Все новое: шуток не понимает, взгляд какой-то сторожкий, опасающийся. Чего? Как бы не проявил старой дружбы? Не обнял, не подурачился? Весь первый день, да и после, по приезде, старается не быть со мной долго. Мигулин тоже похудел, высох, борода черная клоком, взор горящий, движения поспешные, голос резкий, разговаривает криком, на надрыве, чуть что, затевает митинг, собирает кружком казаков и глушит речью — человек одержимый. Сейчас одна страсть: создать корпус, армию, возглавить, спасти революцию! И, не мысля ни о чем другом, не замечая ничего, успевает, однако, зорким оком следить за Асей — тут ли она, с кем? Эти его взгляды, наивно ищущие, секундно озабоченные, в раз-rap спора или речи — он ораторствует перед мобилизованными казаками, идет мобилизация в северных округах, вялая, неуспешная, но с появлением Мигулина дело налаживается, его знают, ему верят, он казачья знаменитость и гордость, — эти откровенные взгляды почти старого человека меня поражают. Он любит! Не может без нее! И она, она… Несколько удивленный переменой, которая с нею случилась — а чего дураку удивляться? — спрашиваю, улучив минуту:

— Почему ты со мной, как с чужим? Что произошло?

— Ничего… — Улыбнулась по-старому, мягко, но сейчас же посмурнела опять. — Я не знаю, как ты относишься к Сергею Кирилловичу.

— Ах, дело в этом?

— Да.

— Делишь людей по такому принципу?





— По такому.

— Все ясно, но ты меня извини… — Я ошарашен, слова не подыскиваются, бормочу: — Как-то странно, на тебя непохоже. Я тебя узнать не могу.

— А это понятно. Меня прежней давно нет. Та девочка умерла, — говорит Ася неумолимо. Да Ася ли это? Смотрю на нее, похолодев. — Ты, наверно, присутствовал при моей смерти.
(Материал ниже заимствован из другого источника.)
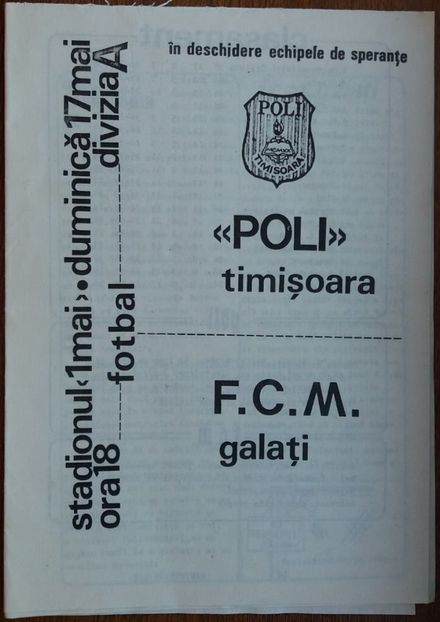 Politehnica Timisoara - FCM Galati 1980-1981 - Dunarea Galati Istorie Part 1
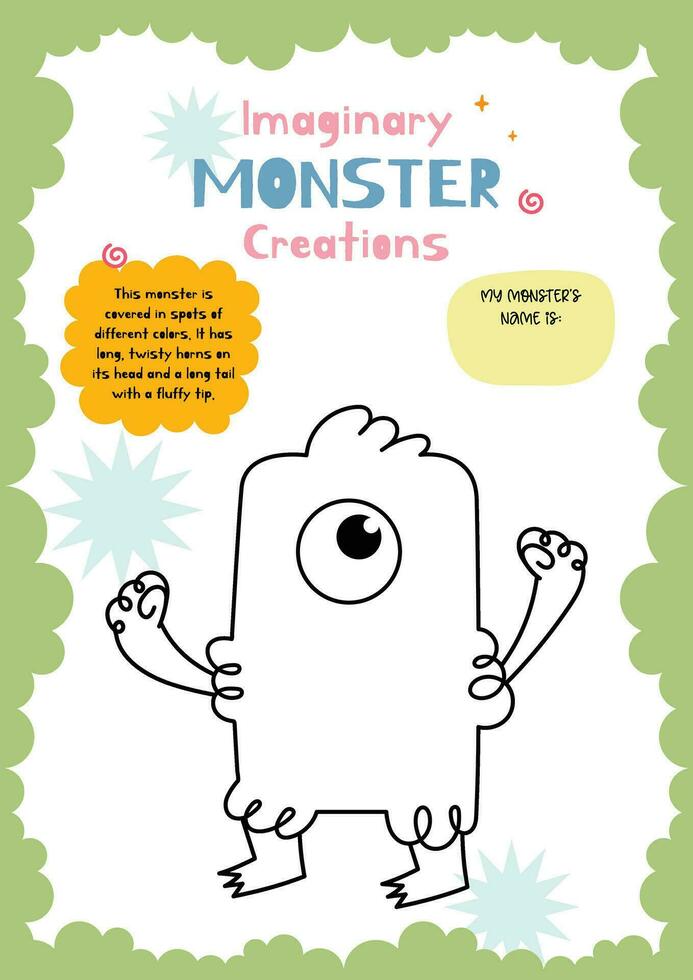 plano Projeto vetor desenhando uma monstro engraçado personagem imprimível para crianças atividade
Я никогда не встречала людей, как Сергей Кириллович, и жизнь у меня теперь другая. Он необыкновенный, понимаешь? Не как все. Не как мы с тобой. Оттого я и изменилась, что рядом с ним. И, конечно, у него враги, недоброжелатели, завистники, просто негодяи, которые хотели бы, чтоб его не было…

— Надеюсь, меня не относишь к этой категории?

— К этой нет. Но я, Павлик, скажу честно, не чувствую твоего истинного… У меня есть чутье, как у собаки, и вот не чую…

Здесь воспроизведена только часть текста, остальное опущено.